乡村发展与振兴源于乡村非农产业的发展,其核心是城市产业向外围地区扩散。早在20世纪初,美国工厂中推广了流水作业,流水作业需要巨大的单层生产平面,美国企业家就开始将新的工厂建设在郊区及乡村小镇。[22}二战后,随着交通发展和技术进步,城市制造业大规模向土地低廉的外围地区转移,郊区及乡村小镇出现众多新的制造业基地,改善外围乡村地区单一的产业结构。1960年至1980年,美国郊区及小镇出现了2000多个工业园区。[23]一些工厂还沿着高速公路分散到广阔的乡村地区。在都市区外围的高速公路沿线上还形成一些新的产业地带,并带延伸到乡村腹地,对乡村经济产生强烈的辐射带动作用。加利福尼亚的硅谷是从San Josegc至Palo Aito延伸的走廊地带,拥有大量的中小企业,形成连绵的城镇带,并辐射影响了邻近的乡村地区,从而改变了乡村产业与就业结构,推动乡村经济的发展。

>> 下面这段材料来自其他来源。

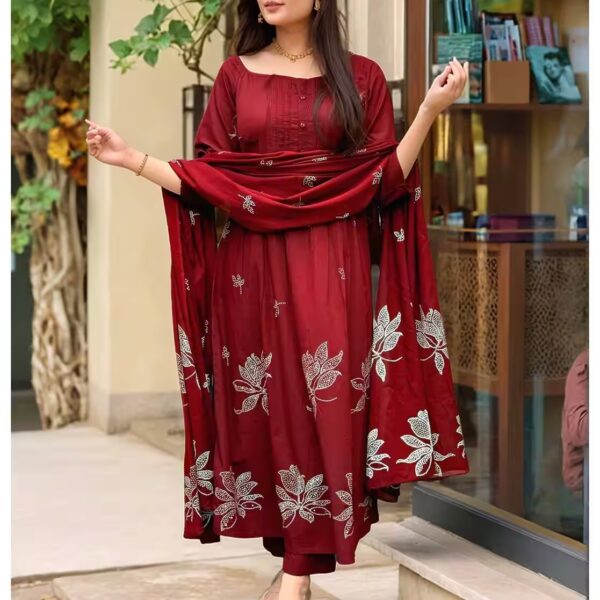 Women Floral Anarkali Kurta Set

传统服务业也向城市外围的郊区及乡村地区扩散。随着制造业和人口大规模外迁,城市服务业也向外围地区迁移,以接近郊区及乡村中心的消费群体。20世纪50、60年代起,美国中心城市外围地区兴起了巨大的商业区和购物中心,这些商业区和购物中心位于高速公路两旁的郊区节点和乡村腹地的小镇。与城市商业区不同,这些地区土地宽阔,拥有巨大的停车场,新兴的商业区和购物中心形成新型而庞大的消费网络,网络还包括了购物、影院、餐厅、俱乐部、运动场等休闲娱乐设施,提供众多消费服务。到20世纪70年代,美国城市外围地区的零售额远超中心城市,仅郊区的零售额就超过全美的一半。美国商业服务业重心已向城市外围地区倾斜,不少购物中心坐落在小镇和乡村中心。

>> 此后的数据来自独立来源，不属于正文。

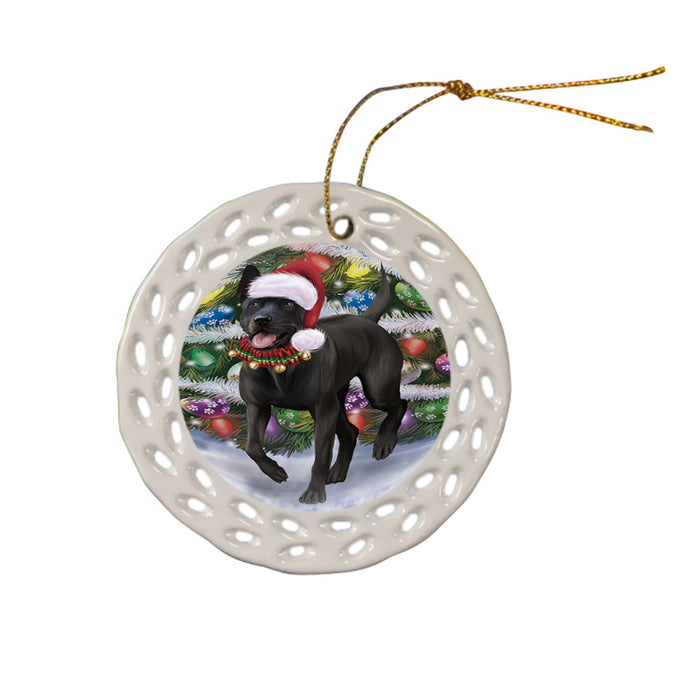 Trotting in the Snow Thai Ridgeback Dog Doily Ornament DPOR58124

随着工业及商业外迁,城市办公服务业也向外围地区分散。工业及商业迁移出去后,城市事务所、大公司总部等办公服务业的业务大幅萎缩,继续待在中心城市也缺少相应的业务,高速公路及信息技术发展为其移往外围地区提供了条件。二战后,美国城市办公服务业开始迁入地价低廉的外围地区,70年代郊区及小镇进行了规模巨大的办公楼投资,到80年代,城市外围地区的办公室空间接近总数的60%。郊区及小镇新出现的办公楼群成为新的办公园区和研发中心,成为美国高科技的实验室与新型工厂的大本营,使郊区及乡村产业多样化。

3.2 城市人口外迁与郊区及乡村人口逆向增长

乡村地区人口净增长扭转了乡村的衰落,这是乡村发展与振兴的重要内容。二战后,美国城市人口也纷纷向外围地区迁移,改变了工业化后乡村人口长期减少的状况。随着工业、商业和就业岗位向外分散,城市人口也不断迁移到外围地区新的工作地点附近,并定居在郊区及小镇新的住宅区及邻里。尤其是随着高速公路网的形成与小汽车的普及,日益膨胀的中产阶级及高收入的蓝领工人也向近郊地区分散,当近郊地区人口饱和后,他们又向远郊和乡村小镇流动。到70年代,郊区人口超过中心城市,成为美国人口最多的地区,80年代,居住在郊区人口超过一亿,占全美人口的44%。[24]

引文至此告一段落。